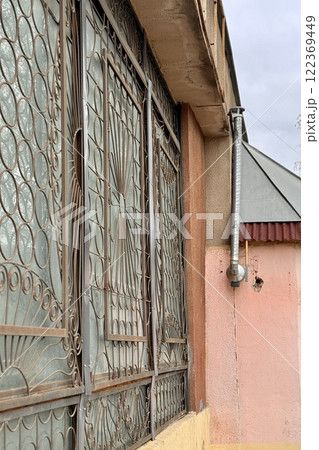 A metal pipe is attached to the wall of a brick building, which removes smoke from the room. This is a device for air circulation 122369449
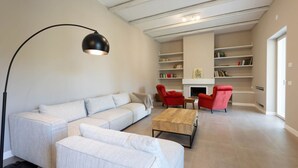 Een moderne woonkamer met een hoekbank, een salontafel en rode stoelen. Achtergrond met boekenkasten en een open haard.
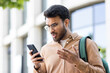 © Liubomir - Upset student with phone in hand received notification with bad news, man with smartphone in hand outside university campus, nervous and disappointed.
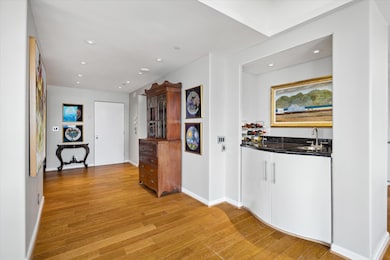 The spacious entry features a curved wet bar with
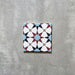 Agadir Atlas Mini Moroccan-style 15x15cm porcelain tile featuring a geometric star pattern in soft blue, burgundy, black and cream, shown as a single tile on a neutral background.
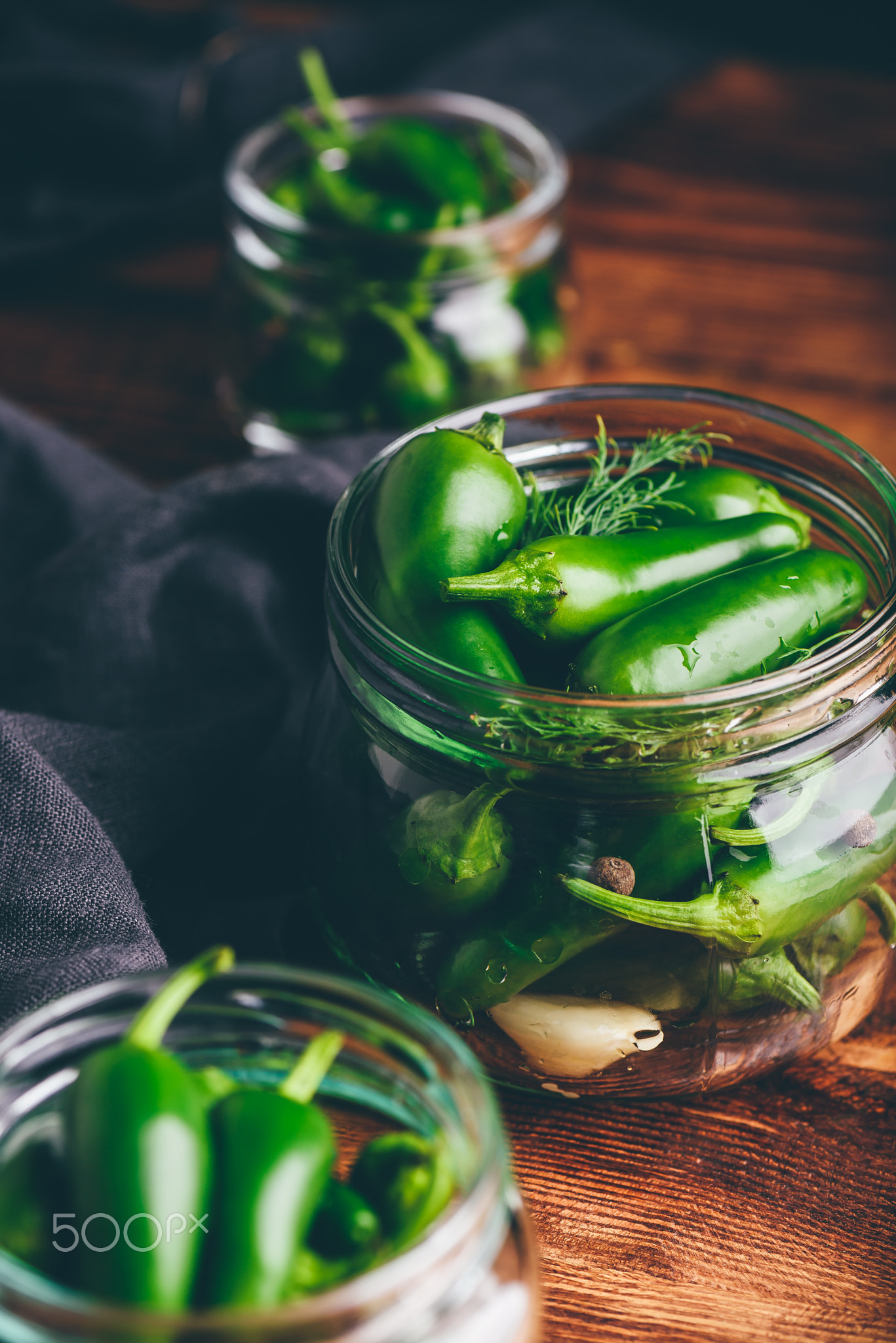 Canned Jalapeno Peppers, Garlic And Dill in Glass Jars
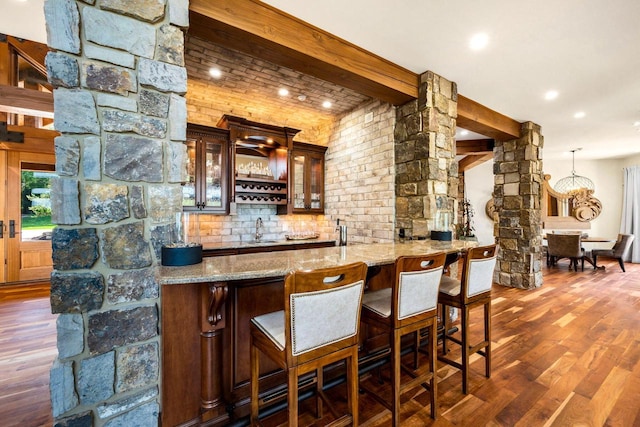 bar featuring sink, ornate columns, dark hardwood / wood-style flooring, beam ceiling, and light stone countertops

# # # #

Reproduce the lines above starting at the one with "nervous and disappointed." and ending at the one with "The spacious entry", both included, exactly and with no pictures.

 © Liubomir - Upset student with phone in hand received notification with bad news, man with smartphone in hand outside university campus, nervous and disappointed.
 The spacious entry features a curved wet bar with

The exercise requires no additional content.